Scraped caption text data:

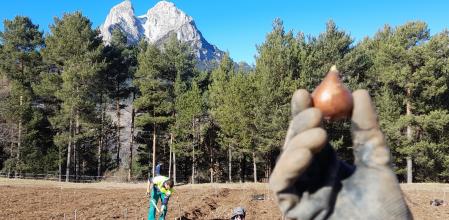 Campo de tulipanes en el Berguedà.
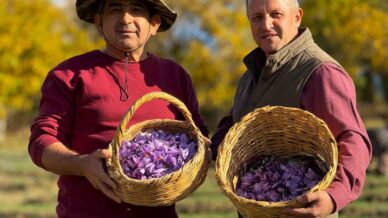 ab tescilli safranin hasadi suruyor XjxQ5daJ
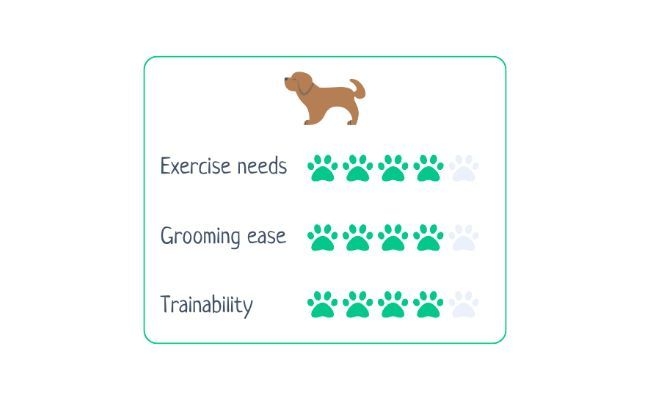 Japanese Spitz  Exercise Needs 4/5 Grooming Ease 4/5 Trainability 4.5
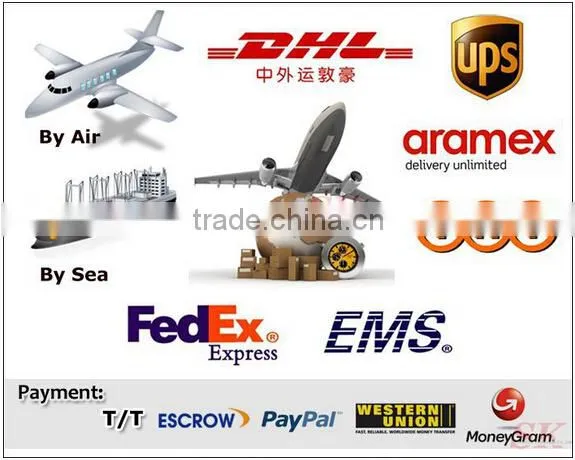 4.0 MP H.264/H.265 HD 1520P Waterproof Bullet PTZ IP Camera Fiexed Lens 12mm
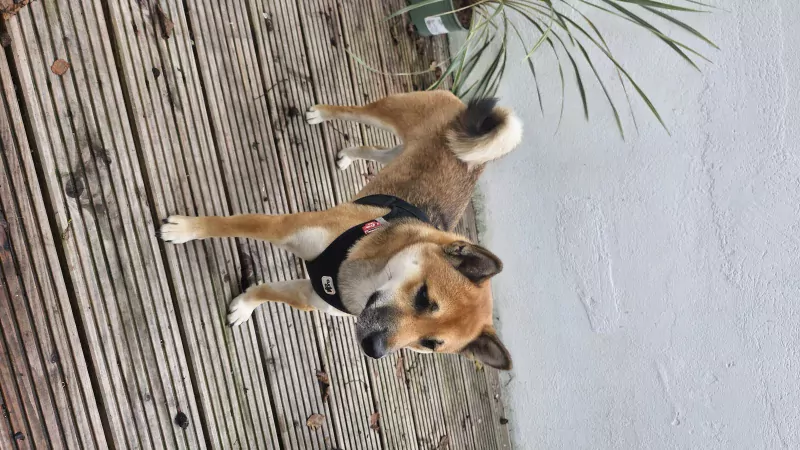 Shiba inu zoekt een nieuwe baasje - afbeelding 3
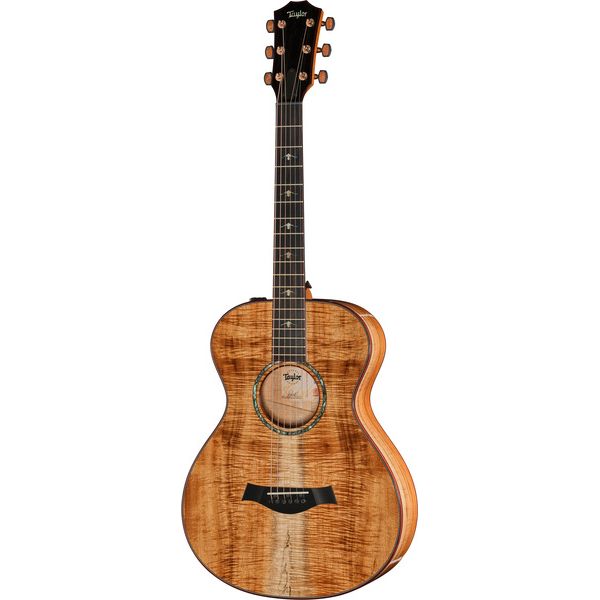Taylor Custom #40: C22e 12-Fret B5040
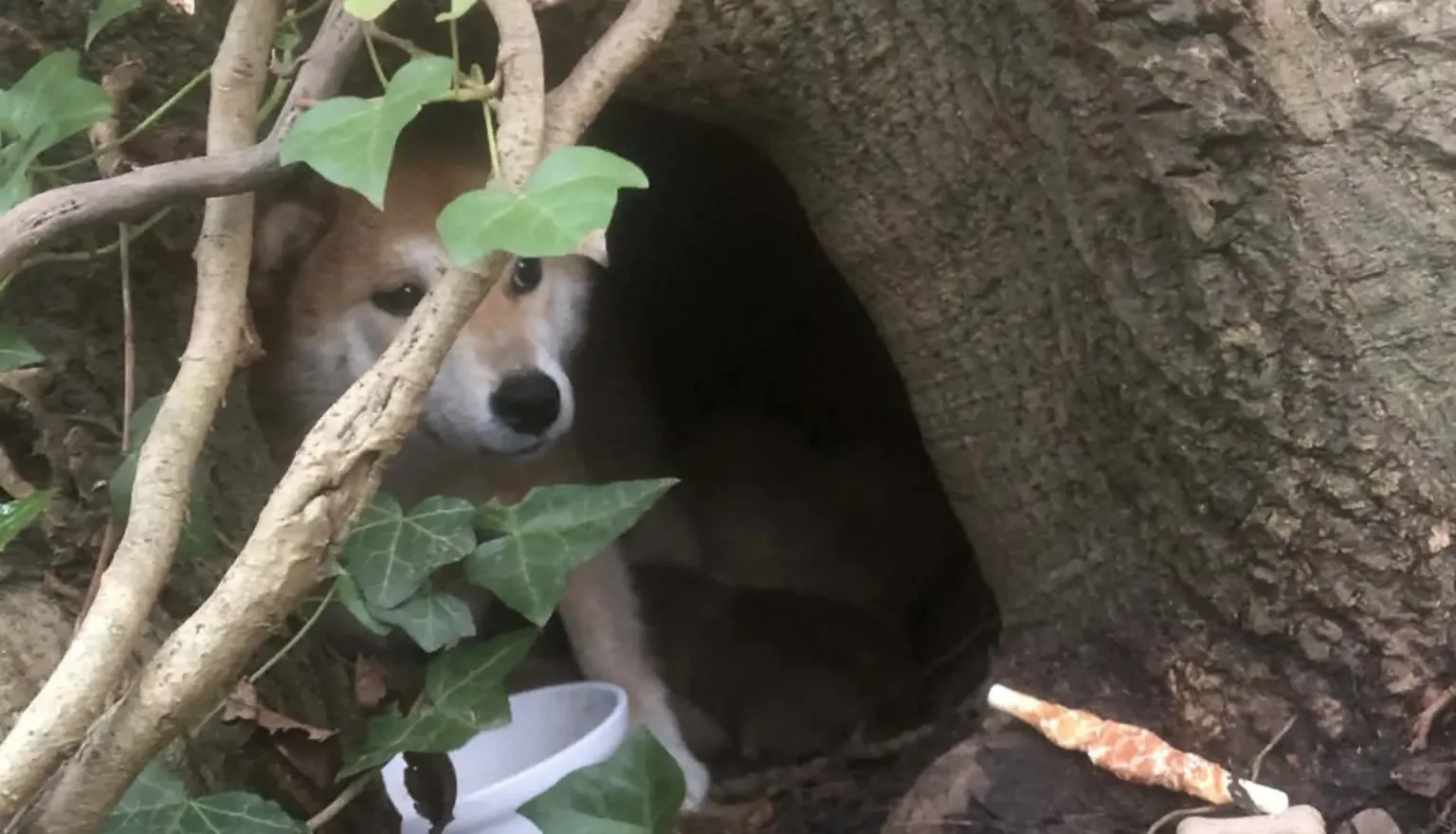 A brown and white dog sits inside a hollow tree trunk, partially hidden by leaves and branches. A white bowl and a chew stick are on the ground near the entrance.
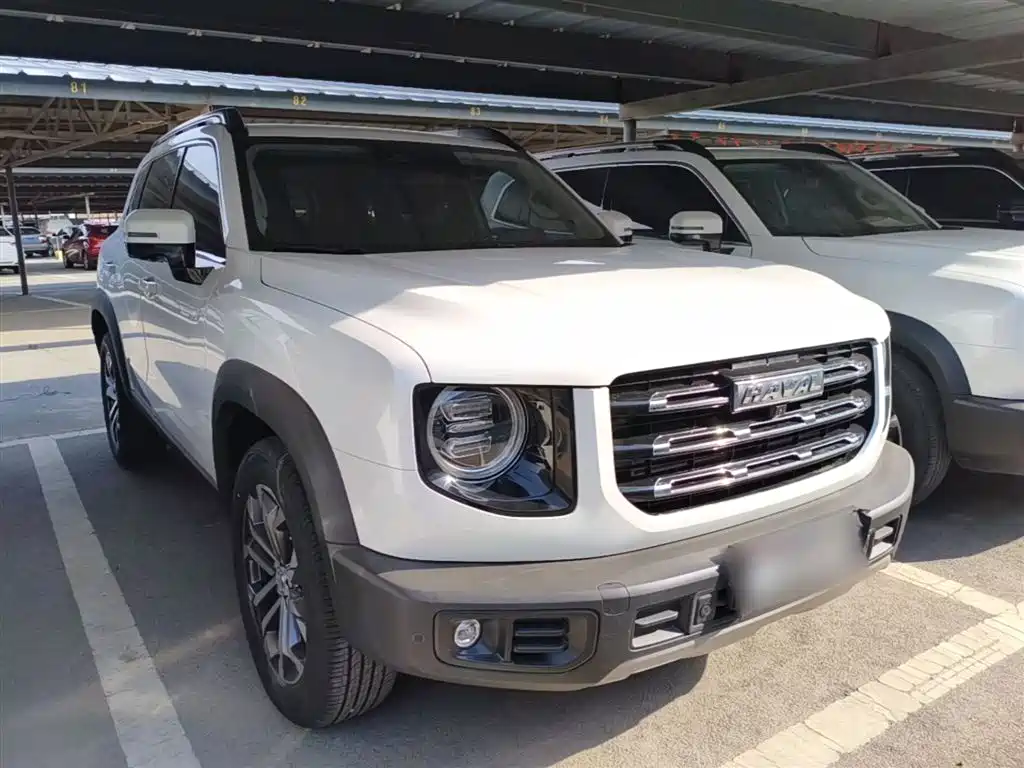 Haval Big Dog 2021 1.5T DCT 2WD Border Collie Edition фото 4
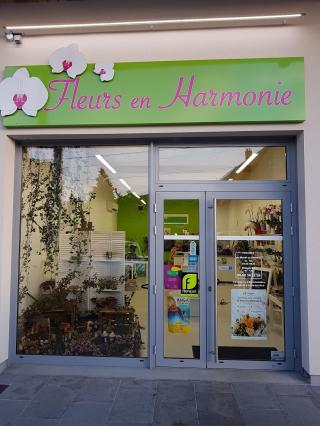 Fleuriste Fleurs en Harmonie 0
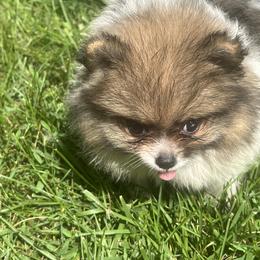 Girl 3 - female Pomeranian puppy in Cass City, Michigan from Lil'Fevre Chihuahuas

> _What needs to be done_
All the records need to be retyped word for word, except for the pictures.

> _Problem solution_
 Campo de tulipanes en el Berguedà.
 ab tescilli safranin hasadi suruyor XjxQ5daJ
 Japanese Spitz  Exercise Needs 4/5 Grooming Ease 4/5 Trainability 4.5
 4.0 MP H.264/H.265 HD 1520P Waterproof Bullet PTZ IP Camera Fiexed Lens 12mm
 Shiba inu zoekt een nieuwe baasje - afbeelding 3
Taylor Custom #40: C22e 12-Fret B5040
 A brown and white dog sits inside a hollow tree trunk, partially hidden by leaves and branches. A white bowl and a chew stick are on the ground near the entrance.
 Haval Big Dog 2021 1.5T DCT 2WD Border Collie Edition фото 4
 Fleuriste Fleurs en Harmonie 0
 Girl 3 - female Pomeranian puppy in Cass City, Michigan from Lil'Fevre Chihuahuas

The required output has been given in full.